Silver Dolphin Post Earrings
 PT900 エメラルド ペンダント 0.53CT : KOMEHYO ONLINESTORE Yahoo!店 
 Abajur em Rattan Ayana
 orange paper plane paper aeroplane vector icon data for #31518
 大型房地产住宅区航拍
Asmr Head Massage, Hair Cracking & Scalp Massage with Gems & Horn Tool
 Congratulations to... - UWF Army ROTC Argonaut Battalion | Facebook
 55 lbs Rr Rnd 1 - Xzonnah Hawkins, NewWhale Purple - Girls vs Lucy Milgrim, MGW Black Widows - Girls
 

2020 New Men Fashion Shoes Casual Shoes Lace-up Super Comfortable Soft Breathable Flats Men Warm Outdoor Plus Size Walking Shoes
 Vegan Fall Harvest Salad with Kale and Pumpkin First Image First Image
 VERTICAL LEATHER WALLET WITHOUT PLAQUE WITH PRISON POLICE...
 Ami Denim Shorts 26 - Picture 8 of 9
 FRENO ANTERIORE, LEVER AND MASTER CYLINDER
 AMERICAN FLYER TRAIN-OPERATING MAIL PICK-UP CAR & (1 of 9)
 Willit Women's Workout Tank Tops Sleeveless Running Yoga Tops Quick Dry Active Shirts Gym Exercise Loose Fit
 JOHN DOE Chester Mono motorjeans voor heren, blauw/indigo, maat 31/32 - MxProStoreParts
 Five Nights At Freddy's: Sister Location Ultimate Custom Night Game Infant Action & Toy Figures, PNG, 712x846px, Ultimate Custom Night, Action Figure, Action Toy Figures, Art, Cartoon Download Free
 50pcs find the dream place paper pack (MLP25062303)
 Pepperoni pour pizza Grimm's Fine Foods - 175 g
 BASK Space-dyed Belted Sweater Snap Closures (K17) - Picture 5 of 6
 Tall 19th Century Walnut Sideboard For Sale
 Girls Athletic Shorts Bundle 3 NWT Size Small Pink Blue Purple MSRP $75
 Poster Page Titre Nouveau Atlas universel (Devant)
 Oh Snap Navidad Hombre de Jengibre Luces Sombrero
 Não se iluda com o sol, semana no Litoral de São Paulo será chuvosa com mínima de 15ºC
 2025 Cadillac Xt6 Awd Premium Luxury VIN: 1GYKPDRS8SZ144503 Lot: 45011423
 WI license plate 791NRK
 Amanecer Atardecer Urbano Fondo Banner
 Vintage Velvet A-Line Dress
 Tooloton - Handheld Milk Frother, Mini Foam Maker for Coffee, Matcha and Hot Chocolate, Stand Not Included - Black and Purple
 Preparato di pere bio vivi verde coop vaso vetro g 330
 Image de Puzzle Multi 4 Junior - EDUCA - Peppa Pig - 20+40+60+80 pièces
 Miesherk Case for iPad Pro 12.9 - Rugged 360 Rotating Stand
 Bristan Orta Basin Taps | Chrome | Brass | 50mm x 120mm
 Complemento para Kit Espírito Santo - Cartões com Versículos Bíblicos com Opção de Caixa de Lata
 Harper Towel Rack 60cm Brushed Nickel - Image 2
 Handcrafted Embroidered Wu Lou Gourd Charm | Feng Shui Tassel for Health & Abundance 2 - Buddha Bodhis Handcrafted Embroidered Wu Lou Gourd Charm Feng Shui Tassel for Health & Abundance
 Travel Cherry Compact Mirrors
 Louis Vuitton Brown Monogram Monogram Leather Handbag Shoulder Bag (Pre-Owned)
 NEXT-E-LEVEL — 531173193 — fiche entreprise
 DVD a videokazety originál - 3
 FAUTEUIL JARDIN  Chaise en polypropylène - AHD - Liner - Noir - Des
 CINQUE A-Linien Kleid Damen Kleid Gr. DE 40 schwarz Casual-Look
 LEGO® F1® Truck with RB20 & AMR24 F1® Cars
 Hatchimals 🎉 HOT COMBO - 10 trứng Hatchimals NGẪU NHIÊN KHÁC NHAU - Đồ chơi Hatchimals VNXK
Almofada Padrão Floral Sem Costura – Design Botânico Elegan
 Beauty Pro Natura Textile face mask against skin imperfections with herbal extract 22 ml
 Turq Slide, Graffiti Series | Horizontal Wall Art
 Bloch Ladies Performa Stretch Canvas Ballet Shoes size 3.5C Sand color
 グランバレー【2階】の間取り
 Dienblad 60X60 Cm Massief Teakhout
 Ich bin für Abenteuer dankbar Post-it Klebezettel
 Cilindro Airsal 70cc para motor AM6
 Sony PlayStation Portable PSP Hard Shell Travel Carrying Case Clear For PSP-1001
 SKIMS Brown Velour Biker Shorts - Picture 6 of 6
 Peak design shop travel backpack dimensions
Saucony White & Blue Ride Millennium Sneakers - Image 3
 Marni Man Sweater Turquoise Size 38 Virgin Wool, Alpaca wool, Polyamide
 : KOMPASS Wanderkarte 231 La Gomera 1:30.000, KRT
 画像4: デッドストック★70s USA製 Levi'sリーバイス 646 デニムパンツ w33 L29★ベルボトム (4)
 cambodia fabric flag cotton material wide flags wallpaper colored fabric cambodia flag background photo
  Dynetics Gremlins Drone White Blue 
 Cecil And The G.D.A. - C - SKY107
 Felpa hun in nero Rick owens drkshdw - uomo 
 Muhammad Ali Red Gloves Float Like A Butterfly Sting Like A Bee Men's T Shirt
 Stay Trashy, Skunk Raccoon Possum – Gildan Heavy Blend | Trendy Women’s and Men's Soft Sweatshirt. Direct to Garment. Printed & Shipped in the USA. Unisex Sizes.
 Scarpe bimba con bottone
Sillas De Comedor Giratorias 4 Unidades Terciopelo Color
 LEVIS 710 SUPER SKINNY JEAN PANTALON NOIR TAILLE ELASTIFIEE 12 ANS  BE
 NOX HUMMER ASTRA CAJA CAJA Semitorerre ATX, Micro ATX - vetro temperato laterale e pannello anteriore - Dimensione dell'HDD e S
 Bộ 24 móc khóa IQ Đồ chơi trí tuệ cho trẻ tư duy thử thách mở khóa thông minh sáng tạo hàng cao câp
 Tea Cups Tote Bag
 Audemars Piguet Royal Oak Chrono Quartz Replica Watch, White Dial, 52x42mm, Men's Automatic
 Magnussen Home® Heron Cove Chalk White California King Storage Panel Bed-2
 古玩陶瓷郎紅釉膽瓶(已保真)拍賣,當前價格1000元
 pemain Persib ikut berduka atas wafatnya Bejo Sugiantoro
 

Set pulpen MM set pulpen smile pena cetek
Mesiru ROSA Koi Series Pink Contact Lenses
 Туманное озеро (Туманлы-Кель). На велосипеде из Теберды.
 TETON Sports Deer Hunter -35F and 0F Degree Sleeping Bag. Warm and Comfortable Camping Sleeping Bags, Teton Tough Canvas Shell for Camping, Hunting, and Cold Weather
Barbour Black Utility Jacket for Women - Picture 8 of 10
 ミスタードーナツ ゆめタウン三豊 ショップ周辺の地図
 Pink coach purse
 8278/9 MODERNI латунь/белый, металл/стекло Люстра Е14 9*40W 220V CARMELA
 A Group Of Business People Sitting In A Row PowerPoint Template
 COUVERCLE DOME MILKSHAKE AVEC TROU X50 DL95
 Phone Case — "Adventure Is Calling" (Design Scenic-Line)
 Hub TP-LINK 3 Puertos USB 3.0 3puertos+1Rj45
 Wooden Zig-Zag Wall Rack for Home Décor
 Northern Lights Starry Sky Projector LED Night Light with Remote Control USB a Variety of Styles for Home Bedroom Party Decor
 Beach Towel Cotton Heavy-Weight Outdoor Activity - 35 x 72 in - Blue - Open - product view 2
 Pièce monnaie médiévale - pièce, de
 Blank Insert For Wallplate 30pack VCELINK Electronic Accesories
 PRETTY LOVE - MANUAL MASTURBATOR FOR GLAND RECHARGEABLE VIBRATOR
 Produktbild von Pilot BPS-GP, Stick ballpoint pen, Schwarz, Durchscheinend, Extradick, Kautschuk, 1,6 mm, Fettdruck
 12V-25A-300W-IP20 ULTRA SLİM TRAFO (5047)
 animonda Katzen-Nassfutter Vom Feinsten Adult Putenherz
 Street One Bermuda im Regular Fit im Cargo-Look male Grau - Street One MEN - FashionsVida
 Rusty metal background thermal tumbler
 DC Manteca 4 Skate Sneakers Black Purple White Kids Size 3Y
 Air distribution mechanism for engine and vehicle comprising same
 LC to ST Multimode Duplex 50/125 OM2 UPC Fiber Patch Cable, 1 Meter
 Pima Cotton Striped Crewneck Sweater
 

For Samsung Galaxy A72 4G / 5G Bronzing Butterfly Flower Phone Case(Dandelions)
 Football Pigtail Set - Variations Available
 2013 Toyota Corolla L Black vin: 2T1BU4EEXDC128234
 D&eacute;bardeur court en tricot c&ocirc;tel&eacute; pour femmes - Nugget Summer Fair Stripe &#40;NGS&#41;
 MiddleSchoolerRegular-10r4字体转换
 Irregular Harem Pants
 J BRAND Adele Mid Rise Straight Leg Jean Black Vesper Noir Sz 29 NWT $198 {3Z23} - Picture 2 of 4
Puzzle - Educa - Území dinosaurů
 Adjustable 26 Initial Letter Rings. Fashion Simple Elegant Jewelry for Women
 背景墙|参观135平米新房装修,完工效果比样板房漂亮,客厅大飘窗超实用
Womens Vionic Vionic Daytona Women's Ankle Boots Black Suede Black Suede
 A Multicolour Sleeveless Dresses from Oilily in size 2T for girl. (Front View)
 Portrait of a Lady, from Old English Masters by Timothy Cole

□ □ □

Given the records above, reproduce precisely and only the lines between the line holding "TETON Sports Deer" and the line holding "PRETTY LOVE - MANUAL", inclusive.

§ Solution to the exercise
 TETON Sports Deer Hunter -35F and 0F Degree Sleeping Bag. Warm and Comfortable Camping Sleeping Bags, Teton Tough Canvas Shell for Camping, Hunting, and Cold Weather
Barbour Black Utility Jacket for Women - Picture 8 of 10
 ミスタードーナツ ゆめタウン三豊 ショップ周辺の地図
 Pink coach purse
 8278/9 MODERNI латунь/белый, металл/стекло Люстра Е14 9*40W 220V CARMELA
 A Group Of Business People Sitting In A Row PowerPoint Template
 COUVERCLE DOME MILKSHAKE AVEC TROU X50 DL95
 Phone Case — "Adventure Is Calling" (Design Scenic-Line)
 Hub TP-LINK 3 Puertos USB 3.0 3puertos+1Rj45
 Wooden Zig-Zag Wall Rack for Home Décor
 Northern Lights Starry Sky Projector LED Night Light with Remote Control USB a Variety of Styles for Home Bedroom Party Decor
 Beach Towel Cotton Heavy-Weight Outdoor Activity - 35 x 72 in - Blue - Open - product view 2
 Pièce monnaie médiévale - pièce, de
 Blank Insert For Wallplate 30pack VCELINK Electronic Accesories
 PRETTY LOVE - MANUAL MASTURBATOR FOR GLAND RECHARGEABLE VIBRATOR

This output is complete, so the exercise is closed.